Seven Clever Guys plus Some Experts

Experience from "MP" project. When I joined this team, I was the 7-th. Project was conceived as "Start-up", fusing telecom and blockchain technologies. Besides the full-time members there were part-time "experts", so it was almost a small army! Despite of this, development was markedly slow and haven't reached production even after more than year of efforts.

Let's see what the "core team" consisted of:

  • Project owner, ideologist and visioner
  • Project manager, responsible for hiring the rest of the team and attempting to drive the process
  • Cyber-Security Guy - it was anticipated we'll have some degree of fraud from users and he was to prevent this
  • IoT specialist - as the project was around certain hardware / telecom solution
  • Hardware programmer - to help IoT specialist
  • Devops - taking care about infrastructure (servers, clusters, kubernetes, amazon etc)
  • Backend programmer - to take care of server-side application collecting data, providing user accounts etc

Still this list lacks some important people: Quality Assurance specialist (or "tester"), Business Analyst, the person who defines and clarifies the tasks - and Frontend developer (UI, web). Some of them joined later.

What is wrong with such setup? Just as the Bible says about Babylon Tower: several people are carrying single brick instead of one person carrying several bricks. Many calls, few responsibility.

Let's go through the list in order.

Project owner is generally out of question. Entity which exists and couldn't be changed. It is good for product owner to have background in IT and play role of manager or BA for example. It wasn't the case though.

Manager. Larger companies generally allocate single project manager for 3-4 projects.
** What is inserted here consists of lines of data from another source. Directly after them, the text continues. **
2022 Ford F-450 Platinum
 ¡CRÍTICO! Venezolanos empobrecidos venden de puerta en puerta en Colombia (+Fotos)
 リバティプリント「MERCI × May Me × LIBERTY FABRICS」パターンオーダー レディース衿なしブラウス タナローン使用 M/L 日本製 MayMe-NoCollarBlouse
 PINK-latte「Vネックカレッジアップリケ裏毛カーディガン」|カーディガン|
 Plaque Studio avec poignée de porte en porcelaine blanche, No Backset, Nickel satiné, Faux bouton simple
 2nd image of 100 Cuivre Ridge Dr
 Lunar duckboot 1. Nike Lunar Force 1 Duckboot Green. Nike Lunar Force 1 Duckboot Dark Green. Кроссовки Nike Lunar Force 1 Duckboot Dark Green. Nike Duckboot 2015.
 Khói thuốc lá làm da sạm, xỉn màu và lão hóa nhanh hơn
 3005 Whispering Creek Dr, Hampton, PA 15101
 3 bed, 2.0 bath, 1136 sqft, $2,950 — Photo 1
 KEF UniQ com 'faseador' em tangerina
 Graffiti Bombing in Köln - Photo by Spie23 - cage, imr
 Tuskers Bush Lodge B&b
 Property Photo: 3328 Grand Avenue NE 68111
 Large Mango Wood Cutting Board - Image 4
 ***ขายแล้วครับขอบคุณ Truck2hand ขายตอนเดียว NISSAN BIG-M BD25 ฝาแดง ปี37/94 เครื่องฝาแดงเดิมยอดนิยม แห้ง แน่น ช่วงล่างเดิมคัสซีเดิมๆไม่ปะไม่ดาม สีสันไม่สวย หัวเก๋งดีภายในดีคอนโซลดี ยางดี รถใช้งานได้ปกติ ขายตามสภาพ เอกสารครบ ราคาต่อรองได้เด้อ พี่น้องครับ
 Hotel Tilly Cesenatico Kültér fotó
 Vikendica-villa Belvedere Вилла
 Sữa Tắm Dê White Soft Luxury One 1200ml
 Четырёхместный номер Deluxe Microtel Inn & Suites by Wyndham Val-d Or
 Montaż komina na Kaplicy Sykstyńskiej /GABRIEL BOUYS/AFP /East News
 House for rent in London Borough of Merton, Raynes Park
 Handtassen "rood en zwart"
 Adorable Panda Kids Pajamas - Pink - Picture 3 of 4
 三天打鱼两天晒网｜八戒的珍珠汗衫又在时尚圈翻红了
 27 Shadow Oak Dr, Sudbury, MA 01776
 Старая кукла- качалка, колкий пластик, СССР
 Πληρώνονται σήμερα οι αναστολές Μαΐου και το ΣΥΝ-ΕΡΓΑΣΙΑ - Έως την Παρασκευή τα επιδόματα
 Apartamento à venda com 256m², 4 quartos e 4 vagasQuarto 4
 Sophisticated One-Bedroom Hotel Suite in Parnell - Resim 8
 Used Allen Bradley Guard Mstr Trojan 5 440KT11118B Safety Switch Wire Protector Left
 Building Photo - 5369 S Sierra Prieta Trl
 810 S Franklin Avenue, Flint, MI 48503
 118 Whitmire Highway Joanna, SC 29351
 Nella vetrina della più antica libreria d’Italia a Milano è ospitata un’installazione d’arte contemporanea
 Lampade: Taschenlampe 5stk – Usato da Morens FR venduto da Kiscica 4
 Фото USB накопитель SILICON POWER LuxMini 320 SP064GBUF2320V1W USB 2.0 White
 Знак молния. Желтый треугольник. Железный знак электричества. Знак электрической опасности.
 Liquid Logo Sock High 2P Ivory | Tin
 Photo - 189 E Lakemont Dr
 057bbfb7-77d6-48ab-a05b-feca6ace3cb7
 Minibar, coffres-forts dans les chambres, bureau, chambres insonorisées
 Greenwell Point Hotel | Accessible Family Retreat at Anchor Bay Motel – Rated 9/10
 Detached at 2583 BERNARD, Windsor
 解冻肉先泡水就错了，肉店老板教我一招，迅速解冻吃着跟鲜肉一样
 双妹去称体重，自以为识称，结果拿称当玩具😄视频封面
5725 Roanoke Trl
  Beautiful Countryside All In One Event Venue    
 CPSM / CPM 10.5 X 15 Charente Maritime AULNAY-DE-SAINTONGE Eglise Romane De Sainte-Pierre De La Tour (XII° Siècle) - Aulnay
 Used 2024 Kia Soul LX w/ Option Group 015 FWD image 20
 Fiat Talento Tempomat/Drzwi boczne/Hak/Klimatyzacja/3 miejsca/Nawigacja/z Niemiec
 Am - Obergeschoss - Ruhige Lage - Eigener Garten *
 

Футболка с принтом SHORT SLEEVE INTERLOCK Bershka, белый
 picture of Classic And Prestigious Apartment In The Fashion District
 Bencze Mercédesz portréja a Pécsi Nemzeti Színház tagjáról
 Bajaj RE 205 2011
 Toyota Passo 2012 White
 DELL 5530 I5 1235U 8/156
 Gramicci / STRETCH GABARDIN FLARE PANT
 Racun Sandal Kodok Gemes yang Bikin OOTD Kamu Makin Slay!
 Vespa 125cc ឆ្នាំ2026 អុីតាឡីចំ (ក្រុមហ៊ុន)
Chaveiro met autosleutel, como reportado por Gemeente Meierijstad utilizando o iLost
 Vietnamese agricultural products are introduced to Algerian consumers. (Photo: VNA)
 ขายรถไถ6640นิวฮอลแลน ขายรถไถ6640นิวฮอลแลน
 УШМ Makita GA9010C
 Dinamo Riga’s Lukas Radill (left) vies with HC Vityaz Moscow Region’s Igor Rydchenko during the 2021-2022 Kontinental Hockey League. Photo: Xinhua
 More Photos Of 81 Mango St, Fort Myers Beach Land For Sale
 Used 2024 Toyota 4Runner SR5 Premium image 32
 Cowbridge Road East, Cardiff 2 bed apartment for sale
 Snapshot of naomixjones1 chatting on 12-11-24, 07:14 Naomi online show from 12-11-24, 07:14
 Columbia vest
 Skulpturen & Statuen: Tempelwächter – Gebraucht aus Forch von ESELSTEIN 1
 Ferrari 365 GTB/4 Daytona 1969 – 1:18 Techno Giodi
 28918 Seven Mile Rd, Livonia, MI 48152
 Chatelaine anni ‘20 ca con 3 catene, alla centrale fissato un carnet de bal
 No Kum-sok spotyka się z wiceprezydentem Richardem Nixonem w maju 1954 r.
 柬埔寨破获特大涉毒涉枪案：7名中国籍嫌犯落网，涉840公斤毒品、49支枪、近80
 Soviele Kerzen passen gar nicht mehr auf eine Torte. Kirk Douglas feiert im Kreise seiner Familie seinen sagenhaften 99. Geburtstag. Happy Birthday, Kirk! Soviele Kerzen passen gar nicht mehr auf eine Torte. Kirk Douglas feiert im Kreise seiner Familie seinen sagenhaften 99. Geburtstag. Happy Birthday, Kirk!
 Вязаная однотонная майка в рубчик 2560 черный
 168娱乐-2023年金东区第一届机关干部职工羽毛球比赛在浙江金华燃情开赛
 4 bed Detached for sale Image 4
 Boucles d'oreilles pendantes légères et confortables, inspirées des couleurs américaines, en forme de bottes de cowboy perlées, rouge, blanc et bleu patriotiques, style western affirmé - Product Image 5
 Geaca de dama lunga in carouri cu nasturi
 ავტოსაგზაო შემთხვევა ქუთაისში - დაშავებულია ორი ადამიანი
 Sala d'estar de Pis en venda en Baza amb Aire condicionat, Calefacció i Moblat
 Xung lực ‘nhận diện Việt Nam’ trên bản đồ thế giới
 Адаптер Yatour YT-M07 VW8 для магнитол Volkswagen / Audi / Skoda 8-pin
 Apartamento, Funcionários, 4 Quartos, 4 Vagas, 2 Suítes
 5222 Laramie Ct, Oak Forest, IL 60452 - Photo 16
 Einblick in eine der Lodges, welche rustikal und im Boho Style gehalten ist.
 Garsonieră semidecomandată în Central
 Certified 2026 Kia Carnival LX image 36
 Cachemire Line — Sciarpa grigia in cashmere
There are not always enough work for single manager in single project. Thus it is good for manager to be also BA and QA for example. In this case manager generally neglected to write tasks requirements so later it sometimes was hard to figure out whether they are fulfilled by implementation.

Security Guy. In brief, it was premature state for full-time security specialist. It soon appeared that security issues are overestimated and the fellow was reassigned "to help with backend". Regretfully it wasn't his strongest side. Security too.

IoT specialist and Hardware programmer - why two? because IoT specialist wasn't good in hardware programming. That's bad, he often had nothing specific to do or was assigned tasks for which he was not exactly capable.

UI developer and UX designer who appeared bit later were separate people. Often developer needed to wait for designs for several days, because designer was part-time participant.

To conclude: it feels like the team was assembled faster than understanding of the project evolved. Also it often feels difficult to say farewell to members which appear unneeded. In larger company it is possible to move them to other projects, but it is not the case for start-up.